Cerebellar medulloblastoma. In poorly differentiated areas, a few cells had cytoplasmic expression of glial fibrillary acidic protein expression. Immunohistochemical stain for glial fibrillary acidic protein, diaminobenzidine chromogen and counterstained with hematoxylin. Original magnification 400x.
Cerebellar medulloblastoma. Cytoplasmic granular expression of synaptophysin. Immunohistochemical stain for synaptophysin, diaminobenzidine chromogen and counterstained with hematoxylin. Original magnification 400x.

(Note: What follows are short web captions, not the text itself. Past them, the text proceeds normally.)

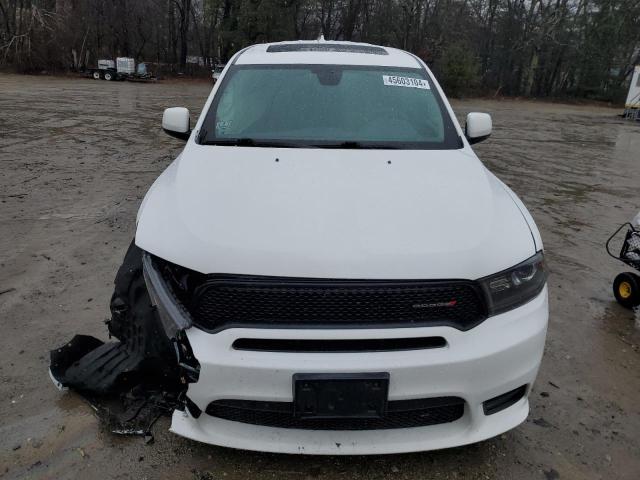 1C4RDJDG5KC605545 - 2019 DODGE DURANGO GT WHITE photo 5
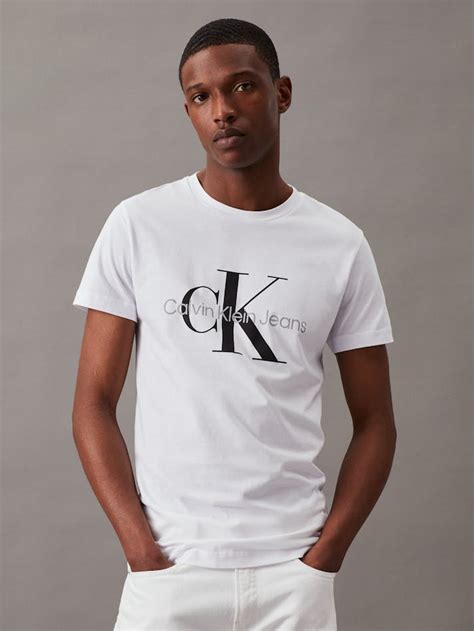 Core Monogram Logo Slim T Shirt Calvin Klein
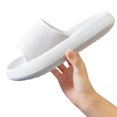 thumbnail image 1 of Zapatillas antideslizantes ultrasuaves, chanclas Eva de 4cm, sandalia atlética para verano, baño, hogar, oficina, color sólido, 1 of 2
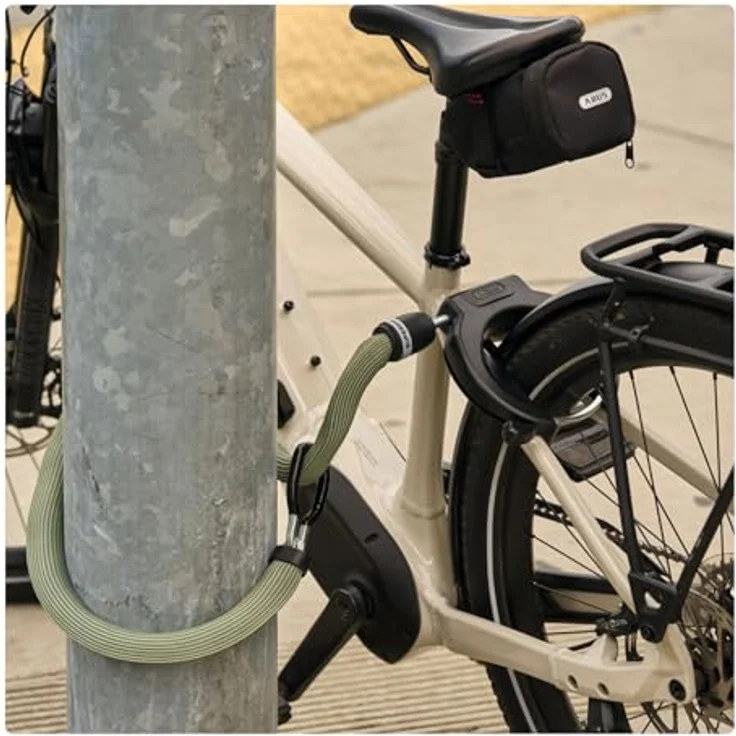 ABUS Einsteckkette Adaptor Chain Superior 7KS, 100 cm lange Stahlkette mit 7 mm Stärke, grün - Fahrradschloss für Fahrrad und E-Bike, passend zu Rahmenschloss oder Alarmbox 2.0 – Bild 3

Cerebellar medulloblastoma. Cytoplasmic fibrillar expression of neurofilament 200 in neoplastic cells, diaminobenzidine chromogen and counterstained with hematoxylin. Original magnification 400x.

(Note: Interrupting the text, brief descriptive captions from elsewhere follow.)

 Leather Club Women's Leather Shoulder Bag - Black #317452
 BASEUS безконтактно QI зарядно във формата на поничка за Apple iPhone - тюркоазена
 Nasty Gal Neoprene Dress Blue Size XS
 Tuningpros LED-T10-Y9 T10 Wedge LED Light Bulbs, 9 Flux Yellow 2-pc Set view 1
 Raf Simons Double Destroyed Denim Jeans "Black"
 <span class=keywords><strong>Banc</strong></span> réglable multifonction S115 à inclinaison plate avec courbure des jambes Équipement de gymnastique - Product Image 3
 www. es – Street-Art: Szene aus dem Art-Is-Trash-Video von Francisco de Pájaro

Primitive neuroectodermal tumors are derived from embryonic precursor cells with a capacity for divergent differentiation. In human tumors, neuronal differentiation is most consistently seen (Gould et al. 1986, 1990; Takei et al. 2007), and glial differentiation is restricted to small foci of tumor cells without evidence of progressive differentiation to mature astrocytes (Takei et al. 2007). In the present case, there were no cells showing overt ganglionic or mature neuronal cells, but the presence of cells expressing synaptophysin suggests neuronal differentiation and the presence of cells expressing glial fibrillary acidic protein suggests glial differentiation. Synaptophysin is a reliable marker of neuronal differentiation (Gould et al. 1986, 1990), and glial fibrillary acidic protein is a marker for astroglial differentiation (Kleihues et al. 1987). In human tumors, true neoplastic cell astroglial differentiation is defined as a typical primitive neoplastic cell with hyperchromatic nucleus and scant cytoplasm, showing glial fibrillary acidic protein immunoreactivity restricted to perinuclear cytoplasm, and is associated with a poor prognosis (Janss et al. 1996).

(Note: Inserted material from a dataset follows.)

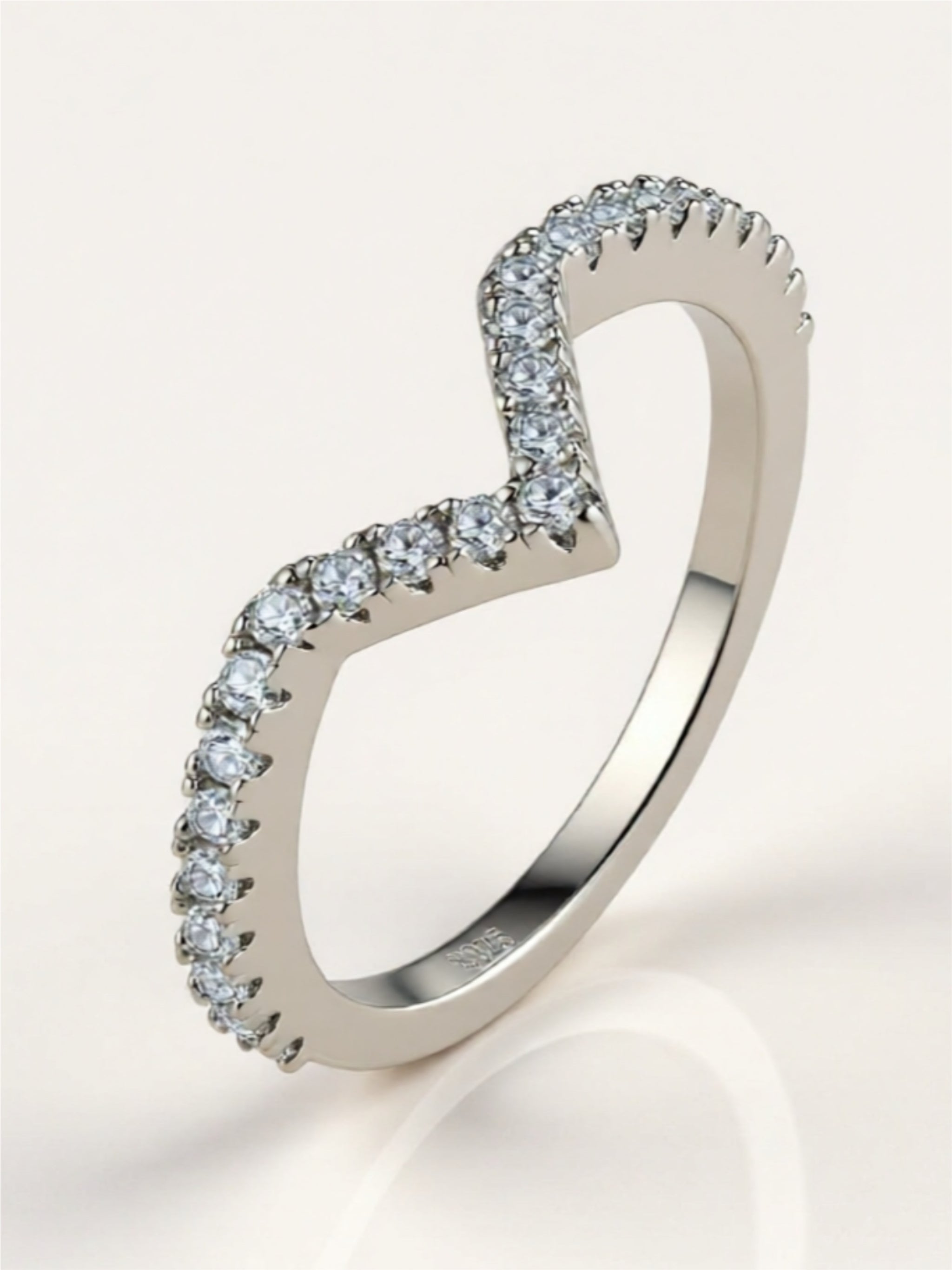 1 Carat Moissanite 925 Sterling Silver Double Layered Ring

The histogenesis of primitive neuroectodermal tumor is controversial. Originally, the neoplasm was thought to arise from a specific cell of the external granular layer of the cerebellum; however, more current theories revolve around the hypothesis that a population of multipotent progenitor cells give rise to different types of primitive neuroectodermal tumors. Primitive neuroectodermal tumors include medulloblastomas, neuroblastomas, ependymoblastomas, and pinealoblastomas.
Spontaneous neoplastic lesions in the brain of young monkeys are rare in drug safety studies. In a recent study (Kaspareit et al. 2007), no brain tumors were observed in a large colony of cynomolgus monkeys during a 15-year period. Among nonhuman primates, there is one report of a medulloblastoma in a baboon (Berthe et al. 1980) and no reports of primitive neuroectodermal tumors in cynomolgus monkeys or any other Macaca species. In humans, cerebellar medulloblastomas are second to the cerebellar astrocytoma in frequency, constituting 25% of intracranial tumors in children. In cattle, cerebellar medulloblastomas are primarily tumors of young animals (Summers et al. 1995; Koestner and Higgins 2002), whereas in dogs, the tumor has been reported in animals between 3 and 10 years (Steinberg and Galbreath 1998). In dogs, one case of cerebellar medulloblastoma with neuronal and glial differentiation (Steinberg and Galbreath 1998) and two cases of cerebellar medulloblastomas with focal neuronal differentiation (Mandrioli et al. 2011; Summers et al. 1995) have been described.
To the best of our knowledge, this is the first report of a cerebellar primitive neuroectodermal tumor in cynomolgus monkeys, and the histological description and immunohistochemical characterization should serve as a useful reference for researchers who may encounter similar lesions in nonhuman primate species.